A woman was rescued last week after a possible spider bite left her unable to feel the skin on her legs during a hike in California’s Sierra Nevada mountains.
The hiker made a call for help around 6:30 p.m. June 12 as she was on Taboose Pass Trail, Inyo County Search and Rescue said on Facebook.
She was a little less than 2 miles shy of the trailhead when she went to get some water from a creek and “reportedly got bitten by what she thought was a spider.”

Afterward, she was “unable to feel the skin on her legs and could not continue her hike down,” Inyo County Search and Rescue said in a statement.
Luckily, the woman, whose name was not released, was able to share her coordinates before her phone battery died.
Inyo Search and Rescue assembled a team and drove the “rough road” up to the Taboose trailhead.

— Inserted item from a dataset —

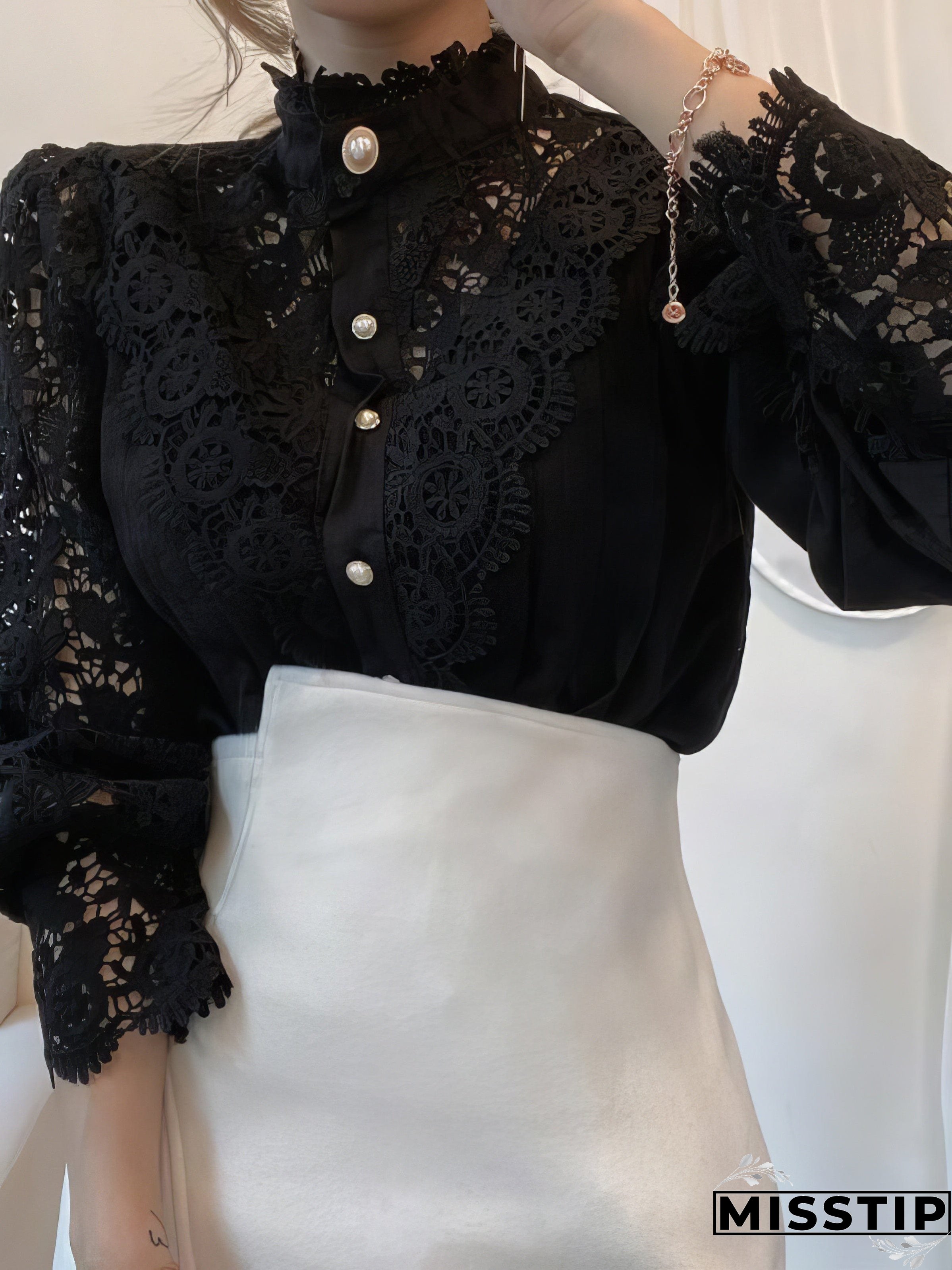White Lace Blouse with Stand Collar and Pearl Buttons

Rescuers also pushed a wheeled carrier for about a mile and a half on the trail until it became “too rough,” the group said.
When rescuers found the hiker, they helped her walk slowly down “the tricky section of the trail” and later transferred her to the wheeled carrier.
The hiker and the rescue team arrived at the trailhead just before midnight.
Inyo Search and Rescue warned hikers to take power banks for their phones when they head out and reminded the public that the Taboose, Sawmill, Baxter and Shepherd pass trails are “a lot less maintained" than the rest of the trails in the Sierra and that hikers may encounter “very tricky sections” and “very steep grades.”